■ TASK REQUIREMENTS
Would you output the whole listing below, exactly as it reads?

■ GIVEN RECORDS
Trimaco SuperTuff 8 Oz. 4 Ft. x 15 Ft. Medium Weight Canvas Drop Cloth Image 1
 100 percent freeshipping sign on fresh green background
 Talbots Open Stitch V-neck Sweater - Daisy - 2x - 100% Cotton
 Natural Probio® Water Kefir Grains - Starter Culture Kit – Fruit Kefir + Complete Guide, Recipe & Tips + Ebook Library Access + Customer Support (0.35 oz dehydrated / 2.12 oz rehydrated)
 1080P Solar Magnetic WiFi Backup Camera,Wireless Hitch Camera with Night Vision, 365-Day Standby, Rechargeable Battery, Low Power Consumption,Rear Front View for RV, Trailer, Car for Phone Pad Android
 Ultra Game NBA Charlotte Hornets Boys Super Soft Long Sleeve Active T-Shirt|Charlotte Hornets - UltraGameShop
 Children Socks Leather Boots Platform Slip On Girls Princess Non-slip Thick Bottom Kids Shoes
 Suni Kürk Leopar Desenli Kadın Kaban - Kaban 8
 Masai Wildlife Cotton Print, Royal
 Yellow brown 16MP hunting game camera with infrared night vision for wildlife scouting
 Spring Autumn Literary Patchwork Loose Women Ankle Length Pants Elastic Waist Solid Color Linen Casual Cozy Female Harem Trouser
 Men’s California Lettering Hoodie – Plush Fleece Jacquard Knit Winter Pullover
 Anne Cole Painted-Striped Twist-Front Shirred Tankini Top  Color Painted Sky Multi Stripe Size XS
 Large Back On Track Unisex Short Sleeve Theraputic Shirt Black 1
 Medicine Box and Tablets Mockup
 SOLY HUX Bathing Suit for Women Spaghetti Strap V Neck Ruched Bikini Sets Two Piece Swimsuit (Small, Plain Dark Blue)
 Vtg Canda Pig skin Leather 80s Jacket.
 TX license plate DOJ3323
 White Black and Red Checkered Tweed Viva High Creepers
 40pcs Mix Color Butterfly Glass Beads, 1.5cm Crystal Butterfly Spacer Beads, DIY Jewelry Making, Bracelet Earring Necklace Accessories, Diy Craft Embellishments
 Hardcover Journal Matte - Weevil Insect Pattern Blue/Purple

■ RESPONSE TO THE TASK
Trimaco SuperTuff 8 Oz. 4 Ft. x 15 Ft. Medium Weight Canvas Drop Cloth Image 1
 100 percent freeshipping sign on fresh green background
 Talbots Open Stitch V-neck Sweater - Daisy - 2x - 100% Cotton
 Natural Probio® Water Kefir Grains - Starter Culture Kit – Fruit Kefir + Complete Guide, Recipe & Tips + Ebook Library Access + Customer Support (0.35 oz dehydrated / 2.12 oz rehydrated)
 1080P Solar Magnetic WiFi Backup Camera,Wireless Hitch Camera with Night Vision, 365-Day Standby, Rechargeable Battery, Low Power Consumption,Rear Front View for RV, Trailer, Car for Phone Pad Android
 Ultra Game NBA Charlotte Hornets Boys Super Soft Long Sleeve Active T-Shirt|Charlotte Hornets - UltraGameShop
 Children Socks Leather Boots Platform Slip On Girls Princess Non-slip Thick Bottom Kids Shoes
 Suni Kürk Leopar Desenli Kadın Kaban - Kaban 8
 Masai Wildlife Cotton Print, Royal
 Yellow brown 16MP hunting game camera with infrared night vision for wildlife scouting
 Spring Autumn Literary Patchwork Loose Women Ankle Length Pants Elastic Waist Solid Color Linen Casual Cozy Female Harem Trouser
 Men’s California Lettering Hoodie – Plush Fleece Jacquard Knit Winter Pullover
 Anne Cole Painted-Striped Twist-Front Shirred Tankini Top  Color Painted Sky Multi Stripe Size XS
 Large Back On Track Unisex Short Sleeve Theraputic Shirt Black 1
 Medicine Box and Tablets Mockup
 SOLY HUX Bathing Suit for Women Spaghetti Strap V Neck Ruched Bikini Sets Two Piece Swimsuit (Small, Plain Dark Blue)
 Vtg Canda Pig skin Leather 80s Jacket.
 TX license plate DOJ3323
 White Black and Red Checkered Tweed Viva High Creepers
 40pcs Mix Color Butterfly Glass Beads, 1.5cm Crystal Butterfly Spacer Beads, DIY Jewelry Making, Bracelet Earring Necklace Accessories, Diy Craft Embellishments
 Hardcover Journal Matte - Weevil Insect Pattern Blue/Purple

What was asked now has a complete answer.